Mahkemece birleşen dosyada; Diyarbakır 5. İcra Müdürlüğünün 2014/2514 Esas sayılı takip dosyasında davalının asıl alacak yönünden ödeme emrine itirazının iptali ile takibin bu bedel üzerinden kaldığı yerden devamına, takipten sonra ve yargılama sırasında davalı tarafça ödenen 395.771,16 TL’nin tahsilde tekerrür oluşmaması amacıyla infaz aşamasında İcra Müdürlüğünce değerlendirilmesine, icra dosyasında 395.753,06 TL’lik asıl alacağa yaptığı itirazın dava tarihi itibarıyla haksız olduğu belirlendiğinden bu miktarın %20’si oranında icra ve inkar tazminatının davalıdan alınarak davacıya verilmesine karar verilmiştir.
Mahkemece, bozma ilâmına uyulmasına karar verilmişse de bozma gereklerinin tam olarak yerine getirildiğinden söz edilemez. Mahkemece ödeme emrine itirazın iptali ve takibin devamına karar verilirken yargılama sırasında ödenen miktarın infaz aşamasında icra müdürlüğünce değerlendirilmesine karar verilmesi gerekirken, takipten sonra fakat davadan önce ödenen 119.776,82 TL ödemeyi de kapsar şekilde itirazın iptaline ve tüm miktar üzerinden %20 icra inkar tazminatının davalıdan alınmasına karar verilmesi hatalı olmuştur.

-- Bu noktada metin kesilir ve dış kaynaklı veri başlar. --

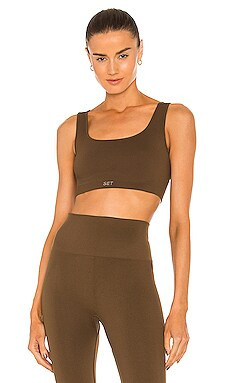 Set Active X REVOLVE Box Cut Sports Bra in Brush from Revolve.com | Revolve Clothing (Global)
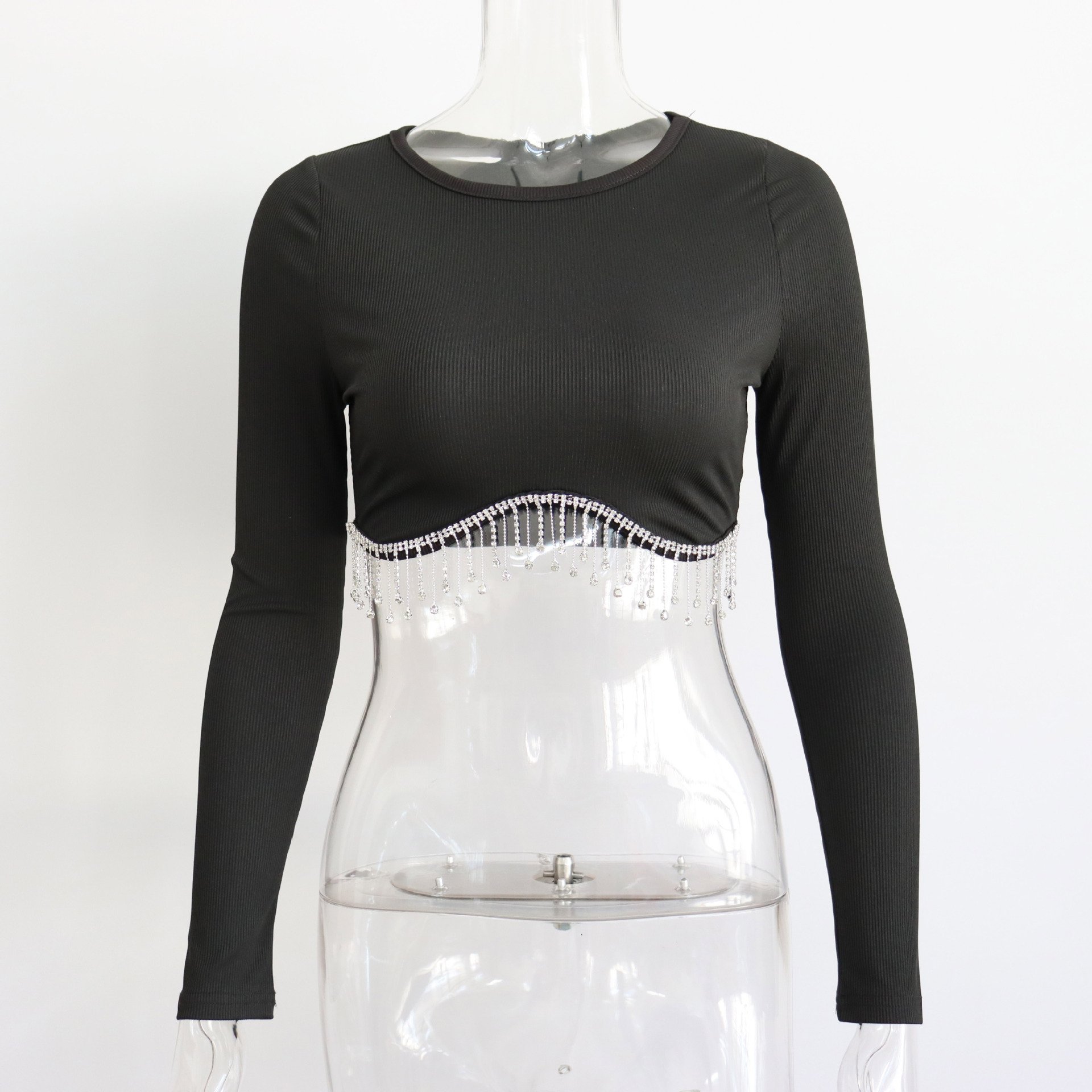 Enyami Spring Autumn Rave Music Festivals New Knitted Crop Tops Fashion Round Neck Long Sleeve Tassel Design Slim Sexy Tops
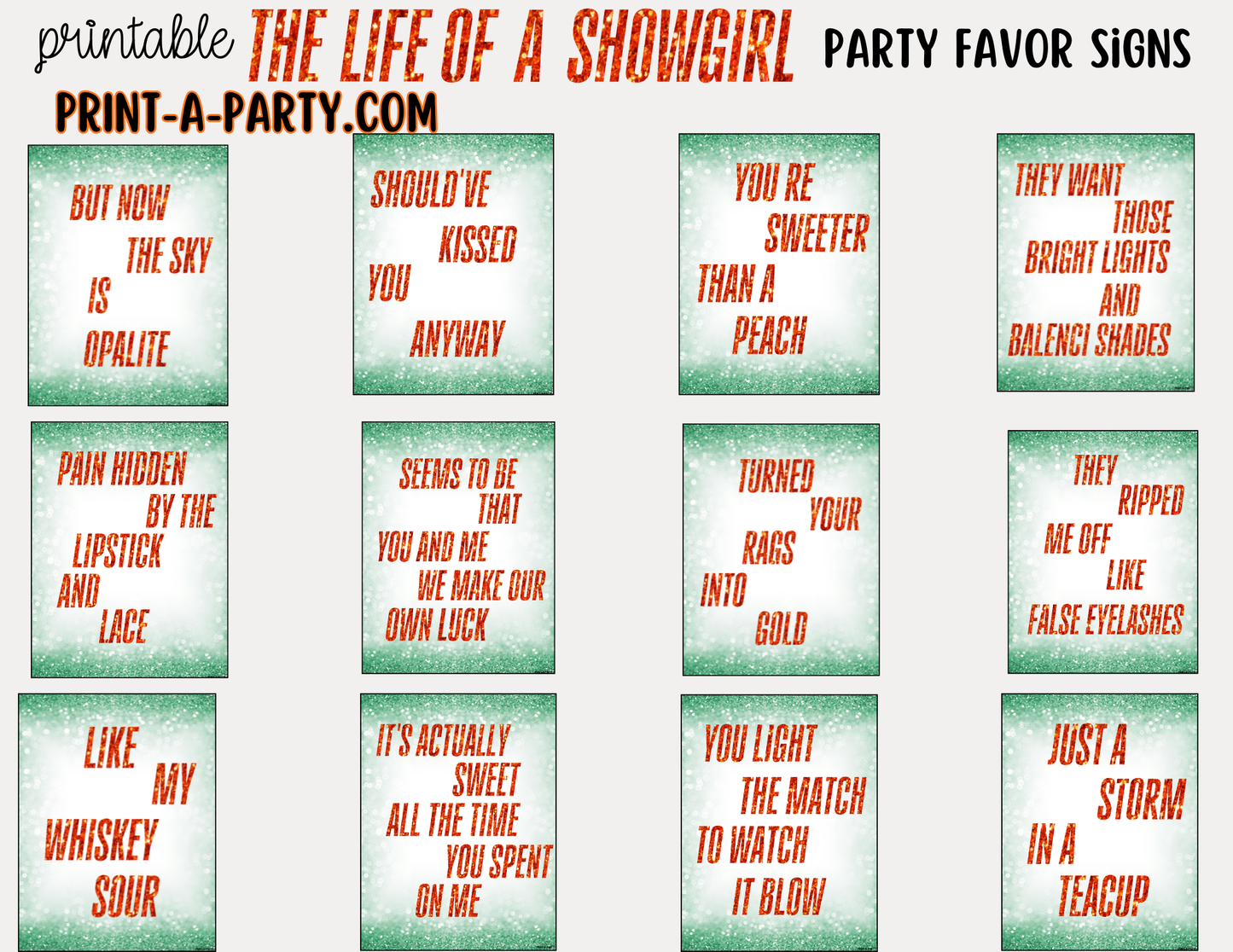 Swiftie Party Signs - Printable Taylor Swift Life of a Showgirl Party Signs – Swiftie Party Decorations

Bu durumda mahkemece; bozma ilâmı dikkate alınarak, bozma kapsamı dışında kalan davadan önce ödenen 119.776,82 TL yönünden davacının dava açmakta hukuki yararı bulunmadığı anlaşıldığından, takip miktarı olan 395.753,06 TL’den 119.776,82 TL’nin düşülmesi suretiyle hesaplanan 275.976,24 TL üzerinden takibin devamına, %20 icra inkar tazminatının bu miktar üzerinden hesaplanmasına ve yargılama sırasında ödenen miktarın infaz sırasında icra müdürlüğünce göz önünde bulundurulmasına karar verilmesi gerekirken, yanlış değerlendirme sonucu karar verilmesi doğru görülmemiş, hükmün bu nedenle bozulması gerekmiştir.
SONUÇ: Yukarıda (1) numaralı bentte açıklanan nedenlerle asıl ve birleşen dosya davalı vekilinin sair temyiz itirazlarının reddine, (2) numaralı bentte açıklanan nedenlerle kabulü ile hükmün birleşen dosya davalısı yararına BOZULMASINA, peşin alınan harcın istek halinde temyiz edene iadesine, karara karşı tebliğ tarihinden itibaren 15 … içinde karar düzeltme isteminde bulunulabileceğine, 28.12.2022 gününde oy birliğiyle karar verildi.